Der Bauplan ist alt. Vier Punkte, die den Körper tragen. Arme, Beine, Flossen, Flügel. Die Form ändert sich, der Ursprung bleibt. Ein Erbe der Fortbewegung an Land.

  • Vier Gliedmaßen: Der grundlegende Körperbau basiert auf zwei Paar Gliedmaßen. Diese sind oft an den Lebensraum angepasst (z.B. Flossen bei Walen).

Ein inneres Feuer. Unabhängig von der Kälte draußen. Diese konstante Wärme kostet Energie, erlaubt aber Leben in fast jeder Umgebung. Ein ständiger Kampf um Gleichgewicht.

  • Gleichwarme Körpertemperatur (Endothermie): Sie erzeugen ihre Körperwärme selbst und halten sie konstant, unabhängig von der Außentemperatur.

Und die Werkzeuge zum Überleben. Nicht ein Zahn gleicht dem anderen. Jeder hat seine Aufgabe. Schneiden, reißen, mahlen. Perfekt angepasst an die Nahrung, an das Leben.

  • Spezialisiertes Gebiss (Heterodontie): Verschiedene Zahntypen (Schneide-, Eck-, Backenzähne) ermöglichen eine effiziente Zerkleinerung vielfältiger Nahrung.

In welche Gruppen werden Tiere eingeteilt?

Also, das Tierreich ist mega komplex, aber im Grunde teilt man die Tiere in zwei riesige Hauptgruppen auf, das ist echt das Wichtigste. Einmal die mit Rückgrat und die ohne.

Die erste große Gruppe sind die Wirbeltiere. Die haben alle eine Wirbelsäule, so wie wir. Ziemlich cool. Dazu gehören:

  • Säugetiere: Die sind warmblütig, haben meistens Fell und die Mütter säugen ihre Jungen mit Milch. Also Hunde, Katzen, aber auch Wale und wir Menschen.
  • Vögel: Die haben Federn, Flügel und legen Eier. Vom Adler bis zum kleinen Spatz, sind alle dabei.
  • Reptilien: Haben ne schuppige Haut, sind wechselwarm (also von der Sonne abhängig) und legen auch Eier. Denk an Schlangen, Krokodile, Echsen.
  • Amphibien: Die führen so ein Doppelleben, erst im Wasser mit Kiemen wie ein Fisch, dann an Land mit Lungen. Frösche und Salamander zum beispiel.
  • Fische: Leben komplett im Wasser, atmen mit Kiemen und haben Flossen. Ziemlich selbsterklärend.

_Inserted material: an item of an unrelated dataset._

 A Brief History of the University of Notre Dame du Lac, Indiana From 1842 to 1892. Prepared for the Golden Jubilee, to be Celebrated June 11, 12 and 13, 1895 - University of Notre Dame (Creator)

Und dann gibt's die zweite, viel, viel größere Gruppe: die Wirbellosen. Die haben keine Wirbelsäule. Das sind über 95% aller Tierarten auf der Welt, echt verrückt. Da gibts unzählige Untergruppen, aber die bekanntesten sind:

  • Insekten: Die haben immer sechs Beine und oft Flügel. Ameisen, Bienen, Schmetterlinge, Käfer... die ganze Bande.
  • Spinnentiere: Achtung, keine Insekten! Die haben acht Beine. Dazu gehören Spinnen, Skorpione und auch Zecken.
  • Krebstiere: Leben meist im Wasser, haben nen harten Panzer. Krebse, Hummer, Garnelen.
  • Weichtiere: Meistens haben die eine harte Schale oder ein Gehäuse. Schnecken, Muscheln und sogar Tintenfische gehören dazu.